In several older threads various people stated (paraphrasing here) that if you access a site for an infusion but draw a blood specimen from the same site/access before starting the infusion you cannot bill separately for both so bill the infusion.  CPT guidelines under codes 36591 and 36592 state "don't report in conjunction with any other service" and infusion guidelines state IV start or access to indwelling site are included in the infusion.  On the other hand, 36591 does not edit out against infusion codes.  

CPT Assistant April 08 doesn't really answer the question about whether or not a blood draw from a port is reportable in conjunction with an infusion.  In fact, in their rationale for establishing a new code they state "On every occasion that chemotherapy is administered and the oncologist or other physician is accessing the vein, it is more convenient and less invasive to draw blood from the same line if a specimen is necessary for testing".  Makes it seem the two services are reportable together.   

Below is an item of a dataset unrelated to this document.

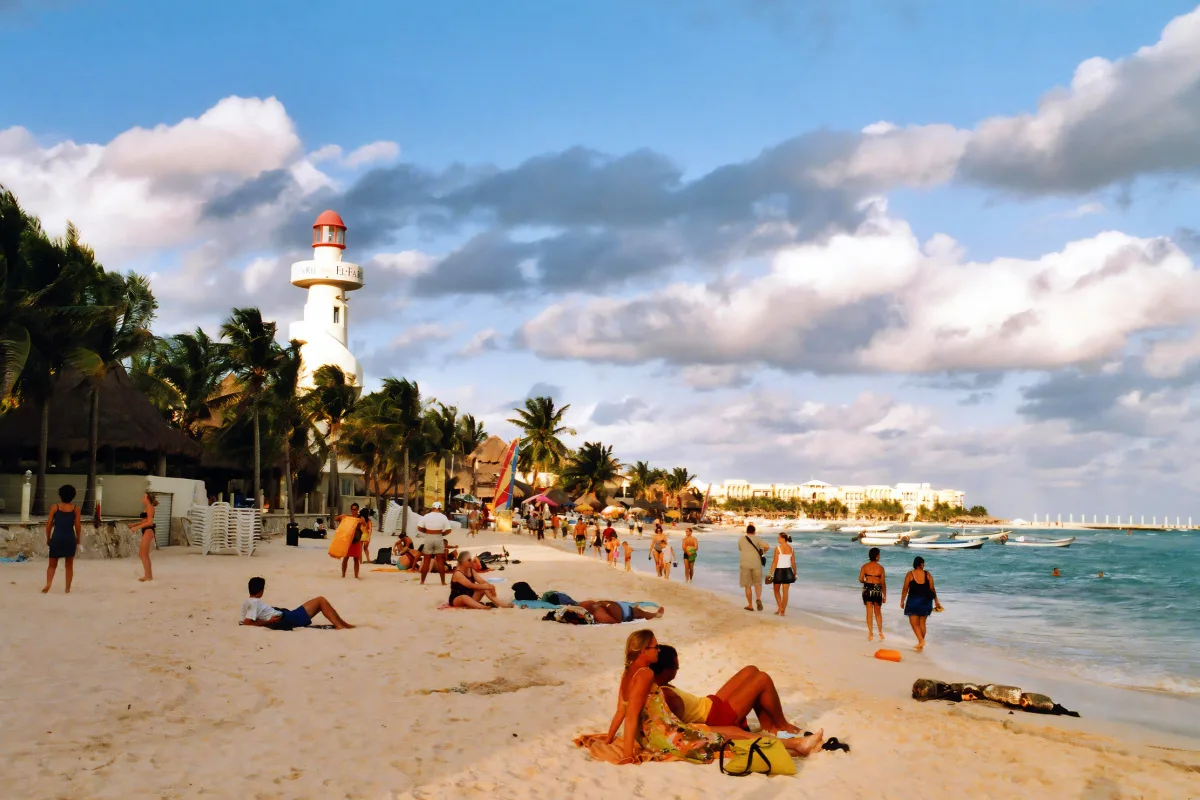 tourists enjoying sunset on popular Playa Del Carmen beach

So...confused.  Any thoughts?
thanks
KB


----------



## hnroberts (Oct 28, 2010)

Is the port accessed two different times, once for the draw and once for the infusion?  Or is it accessed once( the blood is collected and then the drugs are infused all under the same access path)?  If it is just one access for all services, then you can only bill the infusion codes, but if it's two seperate accesses you can bill the infusion codes and the 36591(w/ 59 mod).  Hope this helps!


----------